## Exercise material
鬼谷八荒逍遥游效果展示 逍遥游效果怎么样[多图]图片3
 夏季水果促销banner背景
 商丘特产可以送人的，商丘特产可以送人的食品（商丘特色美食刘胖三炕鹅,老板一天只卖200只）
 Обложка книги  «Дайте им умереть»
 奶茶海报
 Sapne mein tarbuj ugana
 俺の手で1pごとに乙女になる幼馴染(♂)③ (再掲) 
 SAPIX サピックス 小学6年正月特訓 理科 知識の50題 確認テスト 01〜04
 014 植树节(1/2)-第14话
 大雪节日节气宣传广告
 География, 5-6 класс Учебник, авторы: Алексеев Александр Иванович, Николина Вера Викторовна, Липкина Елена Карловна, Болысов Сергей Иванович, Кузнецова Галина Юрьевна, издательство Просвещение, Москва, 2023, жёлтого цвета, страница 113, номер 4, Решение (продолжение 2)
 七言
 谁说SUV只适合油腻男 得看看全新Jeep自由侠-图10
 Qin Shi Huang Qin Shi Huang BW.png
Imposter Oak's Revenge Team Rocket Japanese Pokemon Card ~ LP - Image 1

## Task objective
A verbatim transcription is needed of the lines above, starting at the line with "014 植树节(1/2)-第14话" and ending at the line with "Qin Shi Huang Qin Shi Huang BW.png", both included, and of nothing else.

## Output below
 014 植树节(1/2)-第14话
 大雪节日节气宣传广告
 География, 5-6 класс Учебник, авторы: Алексеев Александр Иванович, Николина Вера Викторовна, Липкина Елена Карловна, Болысов Сергей Иванович, Кузнецова Галина Юрьевна, издательство Просвещение, Москва, 2023, жёлтого цвета, страница 113, номер 4, Решение (продолжение 2)
 七言
 谁说SUV只适合油腻男 得看看全新Jeep自由侠-图10
 Qin Shi Huang Qin Shi Huang BW.png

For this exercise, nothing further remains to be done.